Was bringt der große Streik?
Neu ist auch der vereinte Ruf der zwei Gewerkschaften: Die EVG und Verdi führen zwar getrennte Tarifgespräche, doch mobilisieren sie alle Kräfte gemeinsam. An eine so umfassende Absprache zwischen Gewerkschaften für einen Warnstreik könne er sich nicht erinnern, sagt Tarifpolitik-Experte Lesch dem ZDF.
[Anm. der Red.: Eine so konzertierte Aktion gab es allerdings schon einmal im Jahr 1992, als bundesweit Nah- und Fernverkehr sowie Flughäfen für mehrere Wochen bestreikt wurden. Allerdings war es damals ein normaler Arbeitskampf und kein Warnstreik.]
Die EVG kämpft für mehr Geld, vor allem für Bahnmitarbeiter. Pünktlich zur dritten Verhandlungsrunde für den öffentlichen Dienst lässt Verdi die Muskeln spielen.
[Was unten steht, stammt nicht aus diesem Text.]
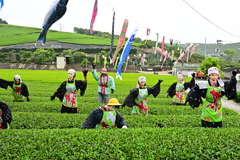 お茶摘みやってます！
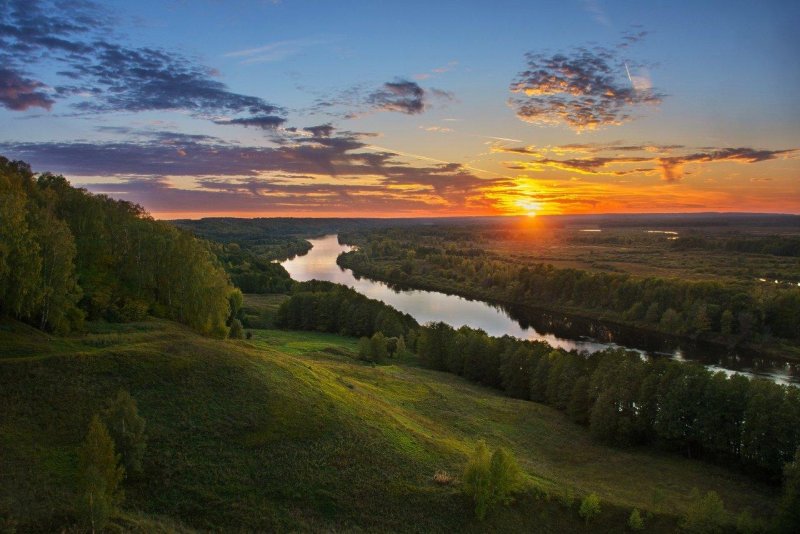 Лысая гора гороховец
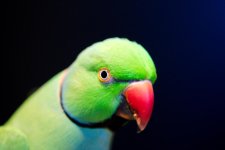 New 105mm Macro-0001.jpg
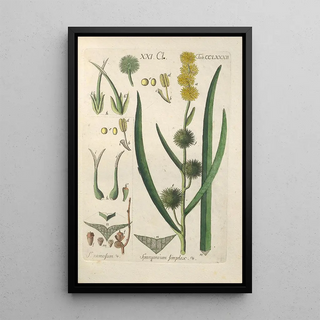 Christian Schkuhr - Botanisches Handbuch Pl77.webp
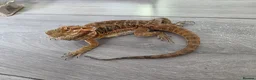 Bearded Dragon reptiles for sale: Bearded Dragon and Vivarium in Bolton - Advert 1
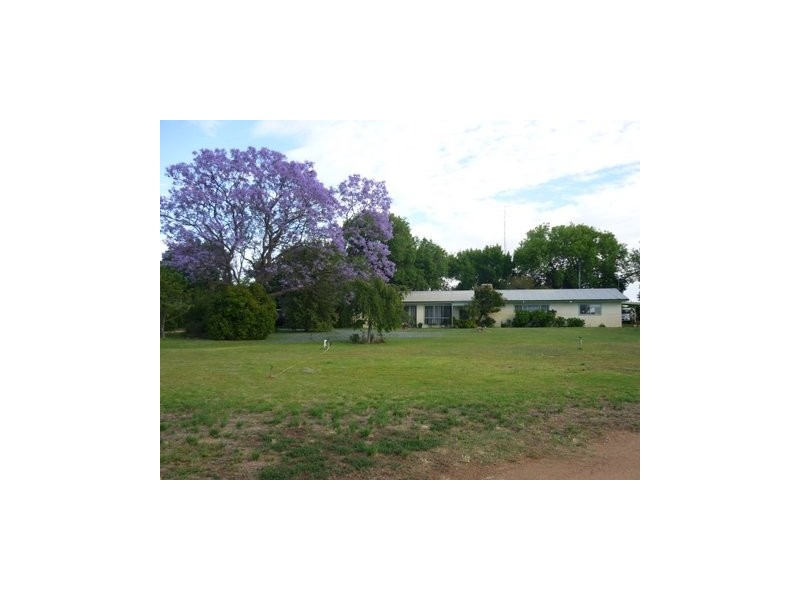 Farm 1021 Pine Drive, Coleambally NSW 2707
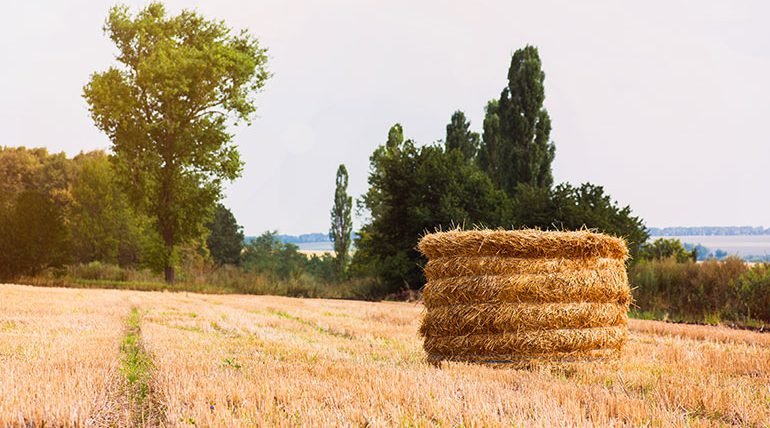 Hay bales in a harvested field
Doch was bringt diese Deutschland-Bremse den 2,5 Millionen Beschäftigten bei Bund und Kommunen?
„Die Streiks treffen vor allem Dritte, hier Fahrgäste. Auch die Fluggesellschaften und die Bahn werden getroffen, da Reisen oder Geschäftstermine entfallen und nicht alle nachgeholt werden. Die Arbeitgeber im öffentlichen Dienst trifft das weniger. Insofern werden sie auch nicht in den kommenden Verhandlungen einknicken“, Hagen Lesch, Institut der deutschen Wirtschaft.
Megastreik: Wachstum vor Maß und Mitte?
Die Tarifverhandlungen sind noch nicht hoffnungslos festgefahren und die Positionen liegen – wie üblich – zunächst weit auseinander, erscheinen aber nicht unvereinbar. Vor diesem Hintergrund ist der angekündigte Mega-Streik nicht zu erklären. Was steckt dahinter?
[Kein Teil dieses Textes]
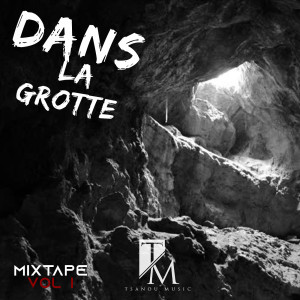 Album Dans la grotte mixtape, Vol. 1 (Explicit) from Various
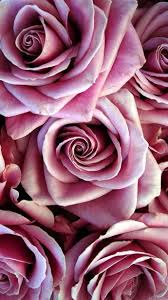 Nature Wallpaper Iphone Flowers Pink Roses Samina D Wallpapers Designs Rose Wallpaper Flower Wallpaper Pink Nature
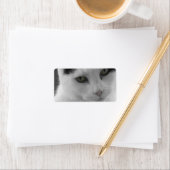 Katzen Gedanken Adressaufkleber (Insitu)
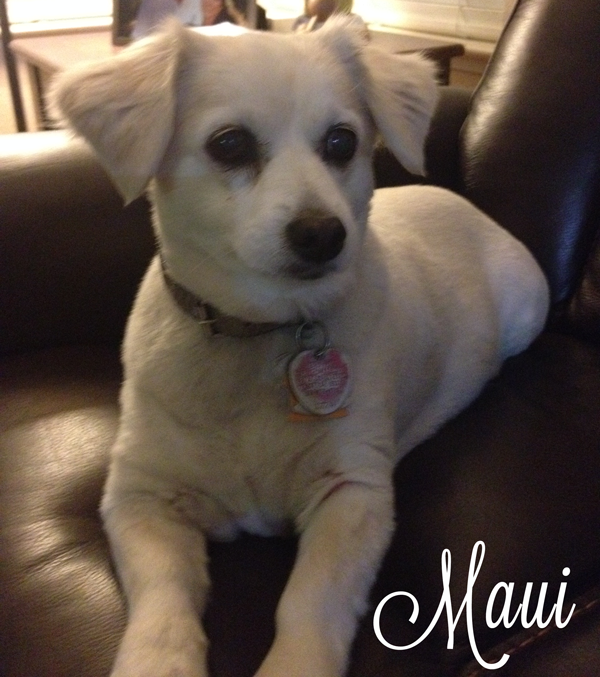 Maui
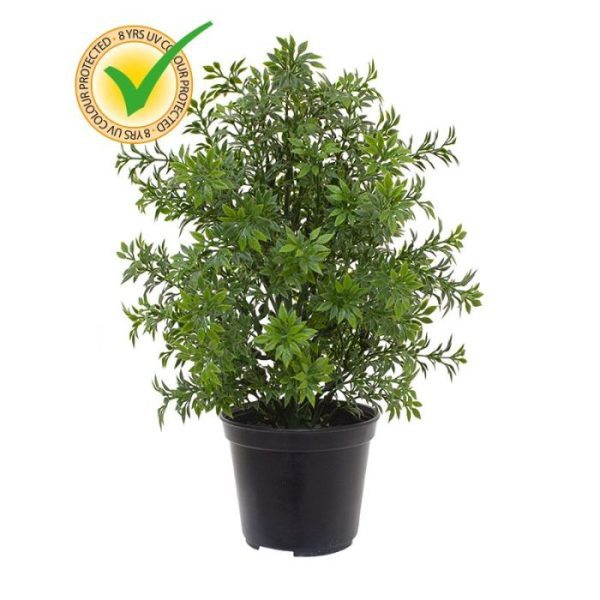 Kunstplanten sfeervolle kunstplant met een exotisch uiterlijk. De totale hoogte van de kunsteucalyptus UV is 30 cm en wordt met een standaard plastic binnenpot geleverd. Hiermee is de kunstig nagemaakte Eucalyptusstruik eenvoudig in een mooie sierpot te plaatsen.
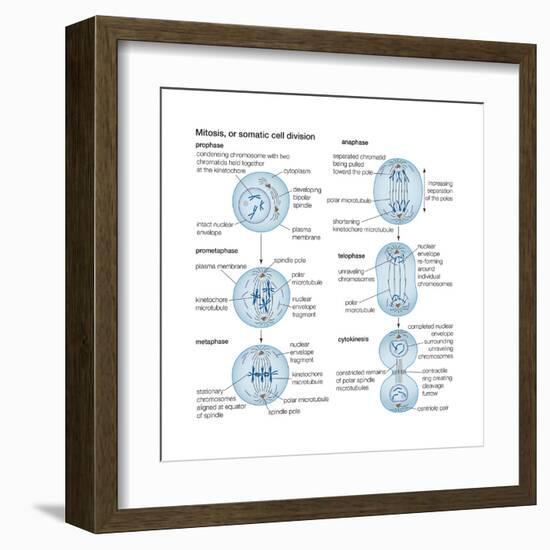 Mitosis, Somatic Cell Division, Biology-Encyclopaedia Britannica-Framed Art Print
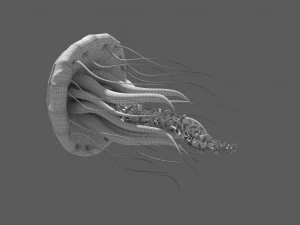 fantasy jellyfish rigged animated 3D Model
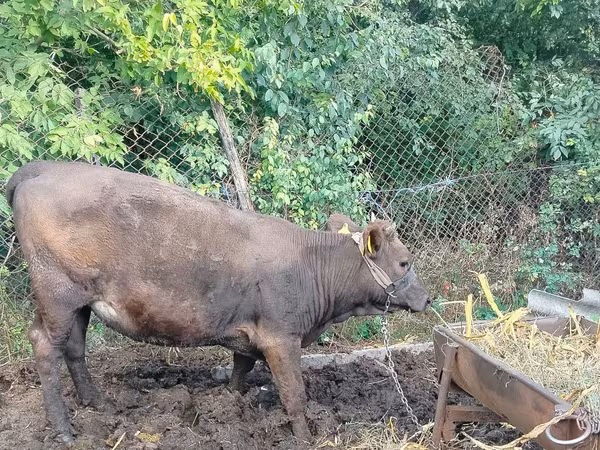 Vaca, Ganado vacuno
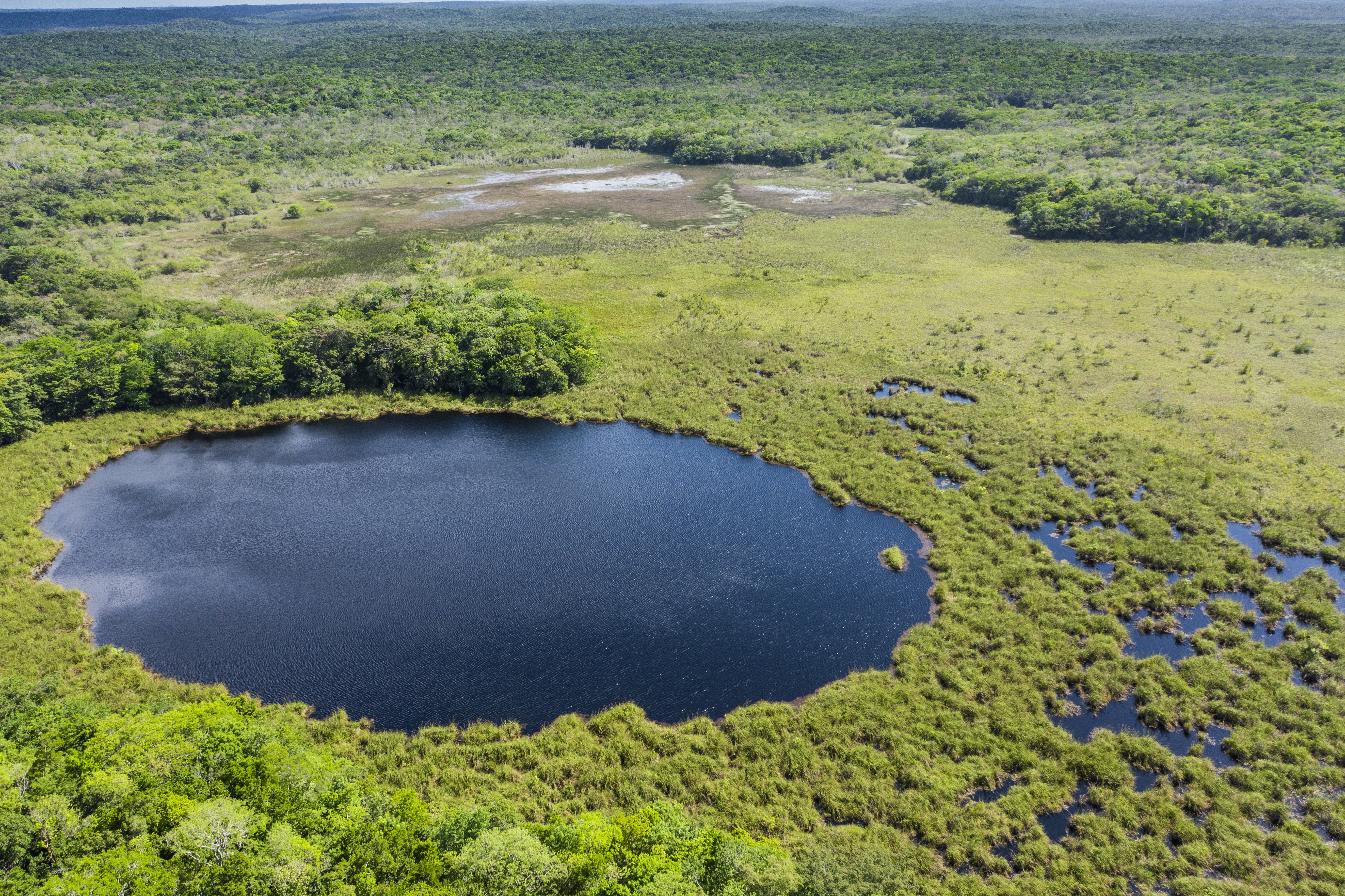 lake in mexican forest drone image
Viele Beobachter sind sich einig: Für die Gewerkschaften gehe es darum, Mitglieder zu gewinnen und den Schrumpfungsprozess zu stoppen. Die Strategie „Organisieren im Konflikt“ von Verdi scheint sich auszuzahlen. Laut IW Köln verzeichnete Verdi in Bereichen mit Arbeitskämpfen deutlich höhere Eintritte. Verdi-Chef Frank Werneke selbst verkündete bereits stolz, dass dies in diesem Jahr bisher gut gelungen sei.
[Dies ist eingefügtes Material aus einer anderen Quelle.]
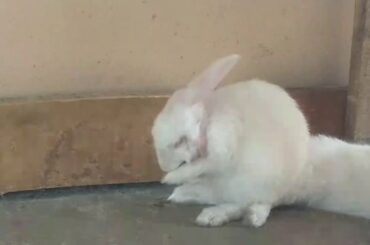 Bunny Baby action | Lovely | so cute😍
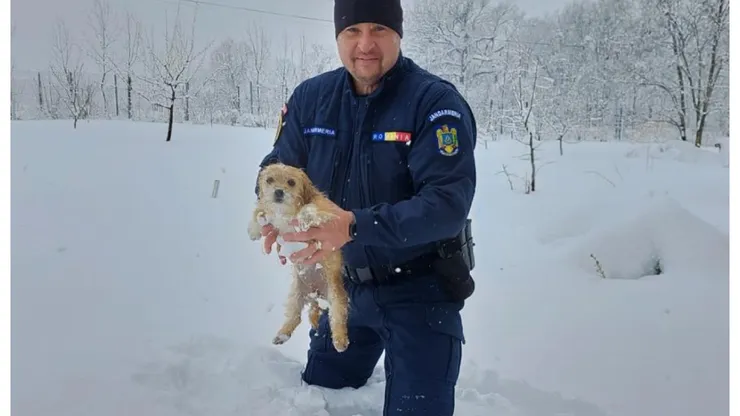 Taxă câini 2026. Incredibil, românii vor plăti impozit şi pentru maidanezi, şi pentru animăluţul propriu! Cât vor scoate din buzunar în fiecare an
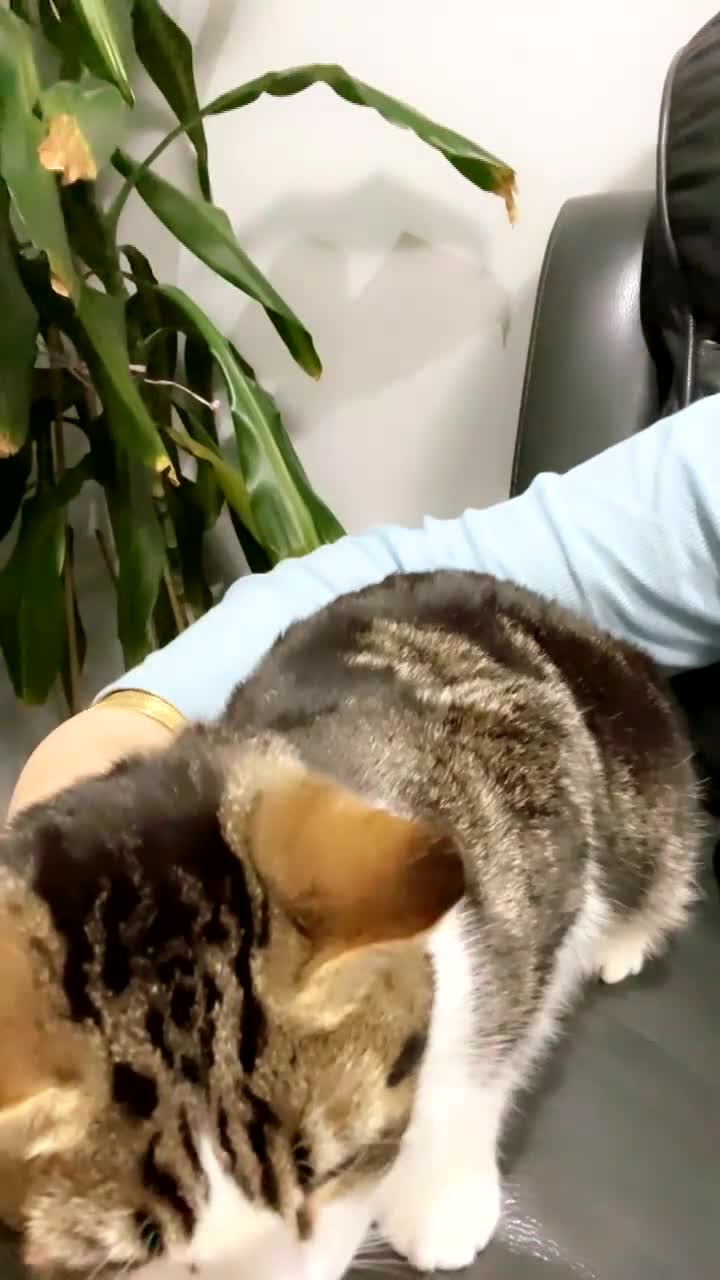 Mixed Breed cats for sale: Kitty cats  - Video 3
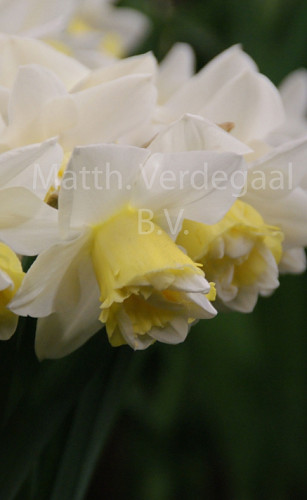 Narcissus Popeye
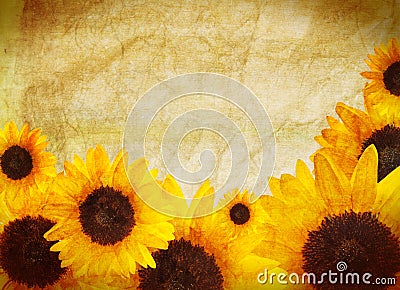 Sunflower border Stock Photo
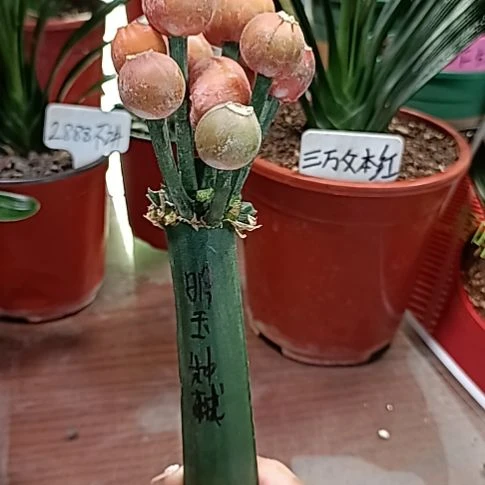天***宝明玉子代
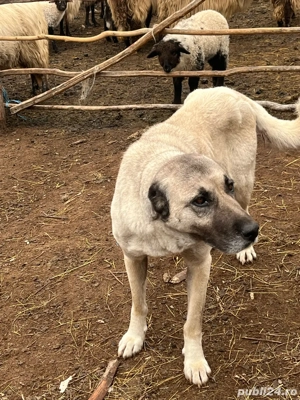 Vand catei Kangal - imagine 5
Für problematisch hält Experte Lesch, dass „die Mitgliedergewinnung mehr und mehr die Streiktaktik zu bestimmen“ scheine. Auch die Grenze zum „Erzwingungsstreik“ werde erreicht, meint der IW-Forscher. Ein „Erzwingungsstreik“ wird grundsätzlich nur dann eingeleitet, wenn Tarifverhandlungen gescheitert sind – was nicht der Fall ist.
Angst vor Wohlstandsverlust
Die Gewerkschaften sind selbstbewusst, denn sie haben einen Trumpf in der Hand. Dass die Fronten verhärtet sind zwischen Arbeitnehmern und Arbeitgebern, liegt auch an der Inflation und insbesondere an den hohen Energiepreisen.
In ganz Europa geht die Angst vor Wohlstandsverlust um. In Frankreich protestieren wieder landesweit Gewerkschaften gegen die geplante Rentenreform von Präsident Emmanuel Macron. Hunderttausende gehen auf die Straße. Jetzt wohl auch in Deutschland. Ob es der größte Streik der Geschichte wird, ist ungewiss.